The IRC Sec. 162 allows for deduction of:

all the ordinary and necessary expenses paid or incurred during the taxable year in carrying on any trade or business

But your education expenses were not incurred in carrying any trade or business. They allowed you to open a new business, true, but you weren't carrying on it when you were studying. In your case, the education expenses and the business weren't even in the same year.

Generally, continued education needed to maintain existing license or certification is an ordinary and necessary expense to work in the business that requires that license or certification.

But, acquiring a new license or certification with intent to, later, open a business that requires it - is not deductible to that future business, because it didn't exist yet when you incurred the expense. So you could not have possibly incurred it while in currying on it.

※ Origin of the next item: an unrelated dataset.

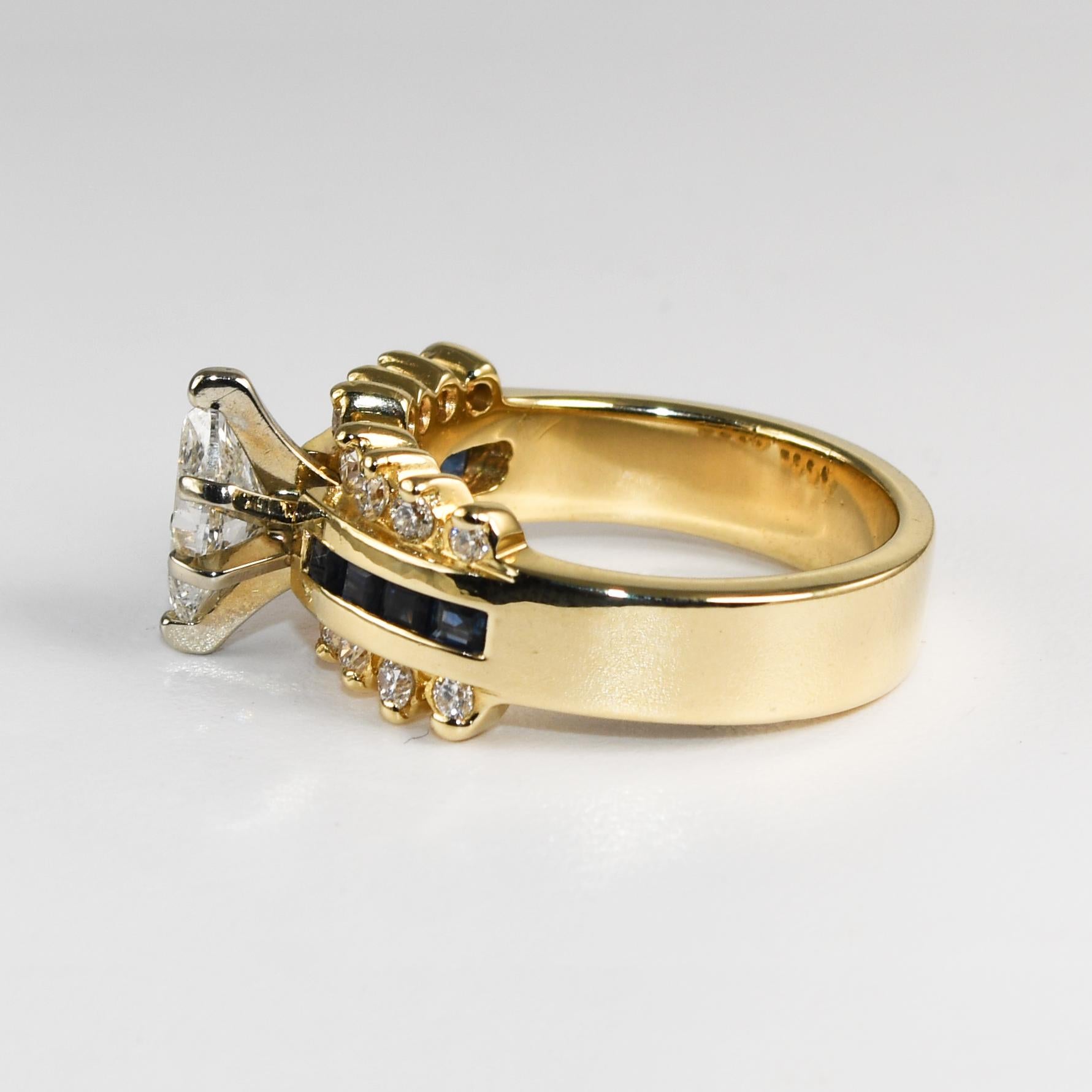 Women's or Men's 14K Yellow Gold Marquise Diamond Ring 0.95ct For Sale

The IRC Sec. 195 allows for amortization of start up expenses. Start up expenses are expenses related to starting the business up - the cost of drafting the operational agreements, by-laws, due-diligence costs before taking over someone else's business, or expenses incurred for the business before it was properly organized (See IRC Sec. 195(c)). None of that could have happened in your case before you got your certification, since you said it's required for having that business to begin with. In any case, education is not any of those things. What you can deduct under Sec. 195 (and cannot under Sec. 162) is the costs related to the LLC organization and registration.

People can say all they want, and you'd be surprised how many people cheat on their taxes. But, if you're asking whether you can legally deduct this - no, you cannot.